[Data excerpts]
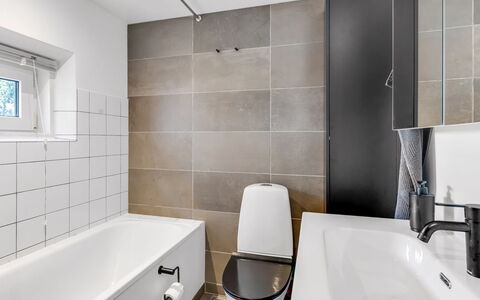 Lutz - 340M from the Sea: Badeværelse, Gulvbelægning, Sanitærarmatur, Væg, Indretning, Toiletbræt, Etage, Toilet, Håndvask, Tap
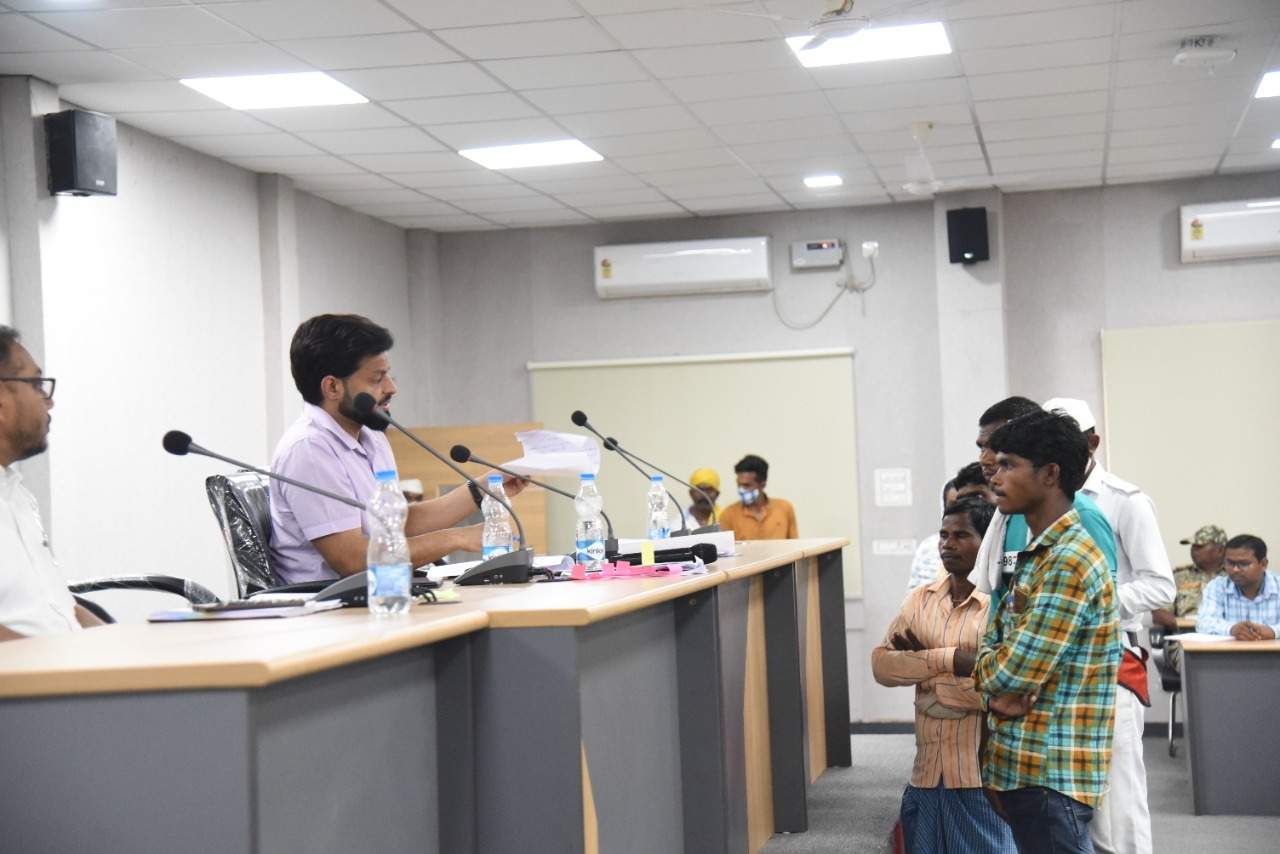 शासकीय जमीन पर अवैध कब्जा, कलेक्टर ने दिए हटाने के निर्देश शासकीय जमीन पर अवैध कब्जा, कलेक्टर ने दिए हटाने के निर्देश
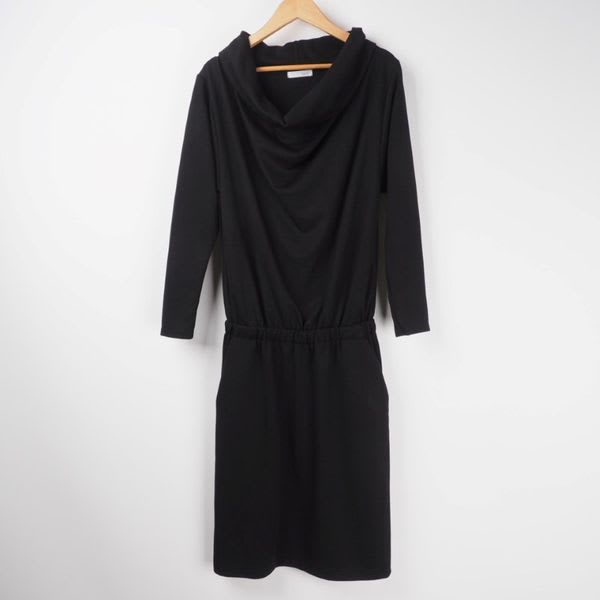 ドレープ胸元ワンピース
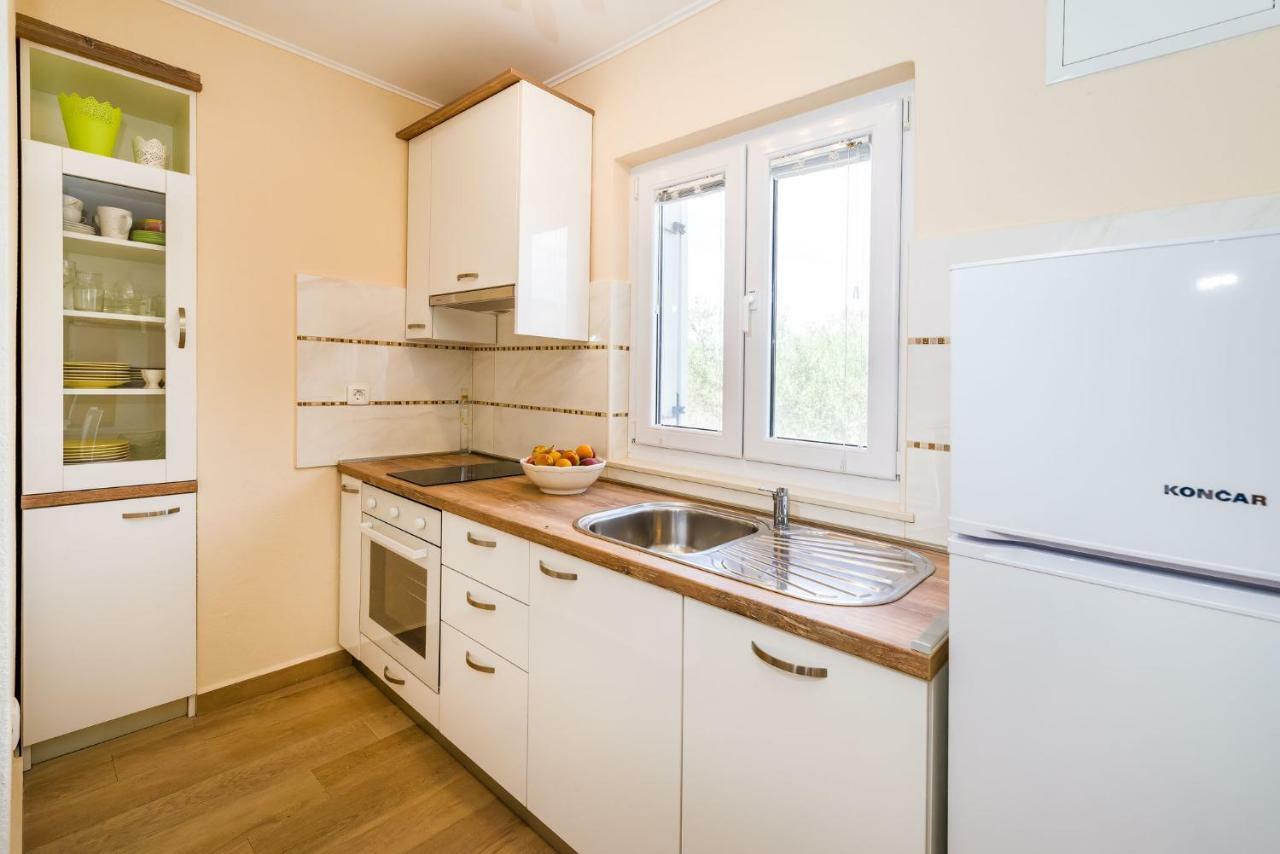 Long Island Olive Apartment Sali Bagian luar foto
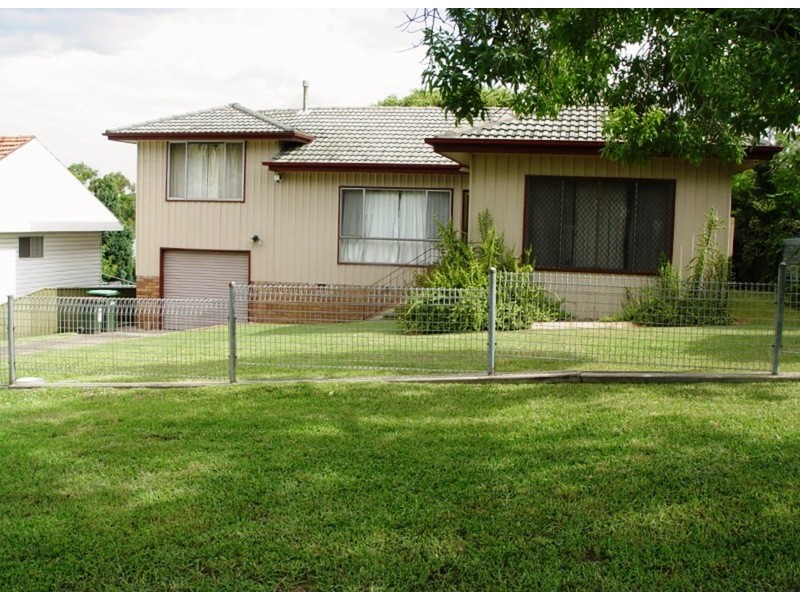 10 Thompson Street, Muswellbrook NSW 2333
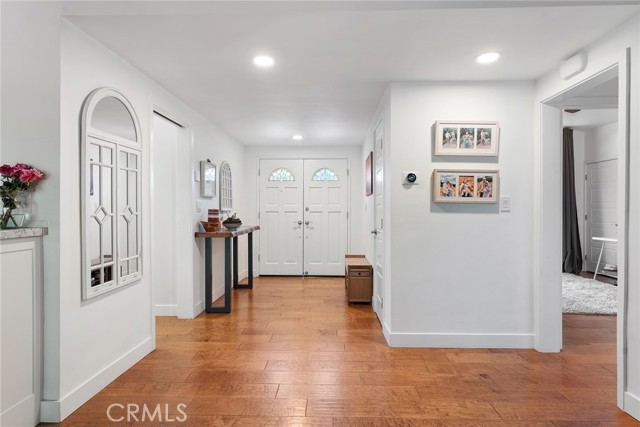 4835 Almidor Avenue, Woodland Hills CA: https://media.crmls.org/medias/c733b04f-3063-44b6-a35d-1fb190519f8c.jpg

== TASK INSTRUCTIONS ==
Leave out the pictures and repeat the remaining data exactly.

== WRITTEN ANSWER ==
 Lutz - 340M from the Sea: Badeværelse, Gulvbelægning, Sanitærarmatur, Væg, Indretning, Toiletbræt, Etage, Toilet, Håndvask, Tap
 शासकीय जमीन पर अवैध कब्जा, कलेक्टर ने दिए हटाने के निर्देश शासकीय जमीन पर अवैध कब्जा, कलेक्टर ने दिए हटाने के निर्देश
 ドレープ胸元ワンピース
 Long Island Olive Apartment Sali Bagian luar foto
 10 Thompson Street, Muswellbrook NSW 2333
 4835 Almidor Avenue, Woodland Hills CA: https://media.crmls.org/medias/c733b04f-3063-44b6-a35d-1fb190519f8c.jpg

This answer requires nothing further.